Utilising this diffused state of consciousness as a main ingredient... the work can be seen, basically, as a landscape that provokes or persuades this state through playfulness."
 -the artist
 

Installation View of Eating Cake.

Image Credit: Singapore Art Museum 

 
THE JURY PANEL SAID IN A STATEMENT THAT CHONG'S WORK "STOOD OUT FOR ITS COMMAND OF SPACE AND MATERIAL, AND THE FLUIDITY WITH WHICH SHE EXECUTED HER CONCEPT". 
 
"WE ALSO RECOGNISE WEIXIN'S WORK CONTAINS ELEMENTS OF RISK INTEGRAL TO CONTEMPORARY PRACTICE," THE PANEL ADDED, REFERRING TO THE UNCONVENTIONAL NATURE OF THE MATERIALS USED. 
                                                               
- OLIVIA HO, STRAITS TIMES SINGAPORE

Read more for an interview between the artist and Singapore Art Museum's curator Grace Tan.

 

We have had several in-depth conversations in the lead up to the artist's upcoming solo exhibition with A.I. which will comprise several new works. It will be held at Cromwell Place this October 2020, a new exhibition venue for members.  

 

  


 

 

A brief exchange with the artist provides an insight into her lockdown experience spent in Madrid, Spain where she is currently living: 

 

 

 

Q1: ONE WORD TO DESCRIBE YOUR

ART-MAKING EXPERIENCE DURING LOCKDOWN

WXC:  Incubating / aching

 

 

 

Q2: WHICH DESTINATION WOULD YOU FLY

TO IF YOU HAD THE CHANCE RIGHT NOW? 

WXC: These days I am often thinking of my beautiful grandmas, now in Singapore and Malaysia, and how they survived long periods of hardship and instability in their lives.

 

 

 

Image credit: artist 

 

 

Q3: WHO ARE YOUR BIGGEST INFLUENCES

AT THE MOMENT? 

 

 

WXC: Ocean Vuong, online sensory obsessions, Octavia Butler's Lilith's Brood,
The Heart Radio, Azealia Banks, Adrian Piper on 'Artistic Research', Houria Bouteldja, Martha Argerich & Mitsuko Uchida, Rico Nasty, Karen Barad on touching...

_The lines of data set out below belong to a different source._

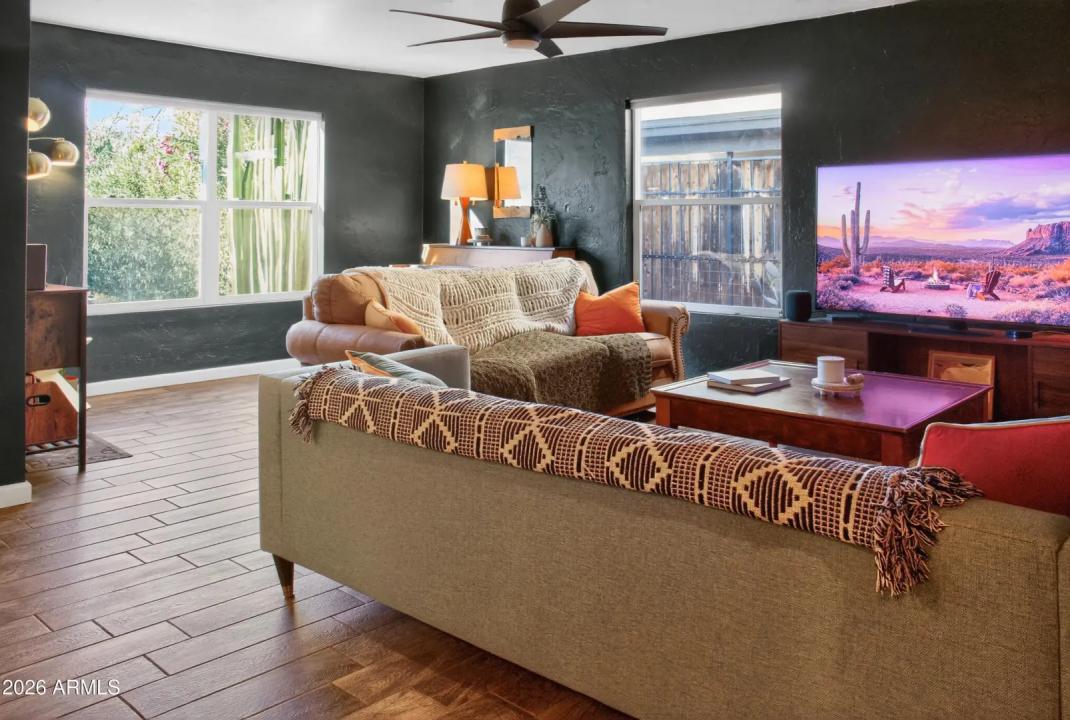 Real Estate Picture 11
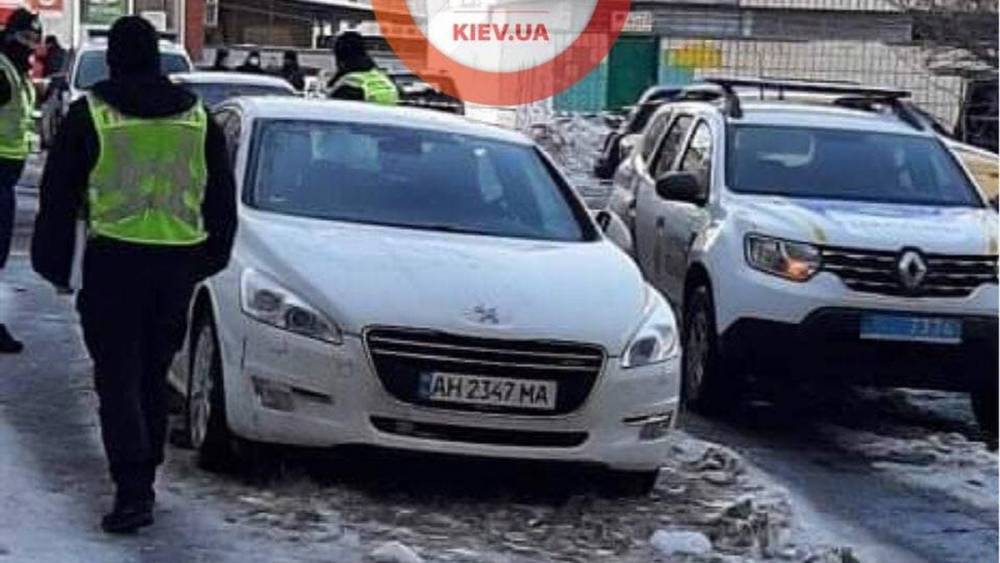 Во дворе многоэтажки: на Борщаговке в Киеве неизвестные заминировали машину
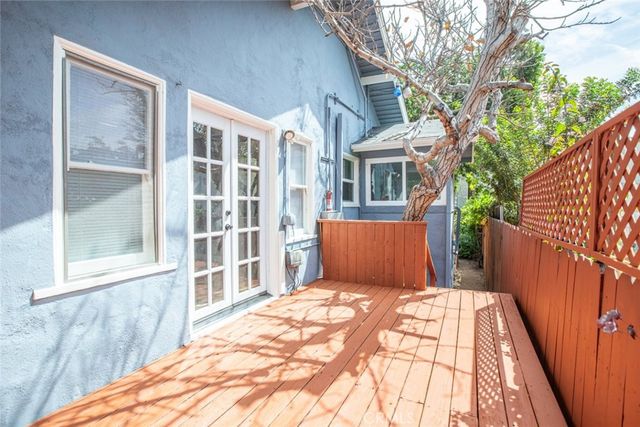 1170 Sonora Avenue, Glendale, CA 91201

( my ADD feels so exposed :p ) 

 

 

 

 Q4: INSTA IMAGES OF THE WEEK 

 

 

 

 

 

Q5: HOW HAS YOUR PRACTICE CHANGED

DUE TO THE LOCKDOWN?

 

 

WXC: It was already quite interiorised and the lockdown has intensified this...I've always been used to working on art at home and in shared or makeshift spaces, but now there is an added surrealism; my mind is time-travelling, routine is disrupted and I often find myself reflecting on past influences or past selves.

 

It feels like a larval stage, like I'm growing strange new limbs or apparatus that i still don't know. This is definitely a state of incubating; I'm also wondering what my future work will look like when it emerges from its present state.